I hope so, been with my partner for 8 yrs now, and yeah, we've had our problems and arguements, but still 2gether. Married for a yr now so i believe 1st love can last as long as both are open with each other, willling to communicate and say sorry at the end of the day for anything no matter how small, just so theres a fresh start the nxt day!
usually the first relationship will not end in marriage. Usually ppl will find their spouse around late 20s
well... it's 'normal' for the first relationship ever not to last. although i have faith in mine, because my parents were each other's first love as well
ye first relationship can last forever, if u've chosen well and actually gone for someone u love, there is the same possibilty that she could be the one. theres no difference rele, its just that some ppl choose someone they don't actually love or are below their usual standards as their first to get the experience and as a training to step up. lol.

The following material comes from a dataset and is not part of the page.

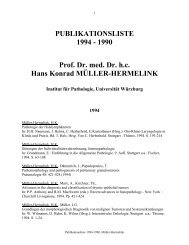 PUBLIKATIONSLISTE 1994 - Pathologisches Institut - Universität ...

does first love last? i can't say....personally i have never dated before so i can't tell you my own opinion..(even tho i'm 21 myself), but from my perspective of all my friends..i would say that first love can last.. ex: i have a friend who met their other half during middle school, at first they were just regular friends and stuff then of course feelings start to develop for each other....and it went on...once high school was over...both of them went to different colleges and had to be separated....they thought that the relationship would be over...but guess what? they are still together and staying strong....now as both of my friends they are pursuing further into their careers and are getting married once the girl finishes her masters degree which is in 2010.... at first i really thought that they were going to separate but in the end they are still together...i was shocked to hear about their engagement (my friend proposed to her on the top of the empire state building..i was crying, it was just so romantic), then earlier this year they told me that they were gonna get married in 2010 and told me to get ready to be part of the bridemaids group....just goes to show you that love can last if you really want it to or just because your happy with your other half.... that was just the good part...now the bad thing is that...what if you had broken up ? wouldn't that be a waste of time? my health teacher had once told me that if you are bf/gf together for 2 years and the other half hasn't thought about yours future then move on...he said wasting 2 years is long enough if he/she don't want to get engage/married then you are wasting your time.....alot of people think that way nowadays...btw my health teacher is with his first love for 50 years now...^_^ my perspective is...do what you want and always take into fact that the pther party is happy...no matter what..what you want is for the best for both of you....breakup if it isn't working...work it out if you want to stay together...there is never a such a thing that's called impossible/or never.....life is life ^_^ hope my advice helps...and sorry for the long advise btw..^_^
ye usually if the first love is from ppl who are friends, they usually get to know one another and so they are already compatible before then even start dating and if the chemistry is there it usually lasts.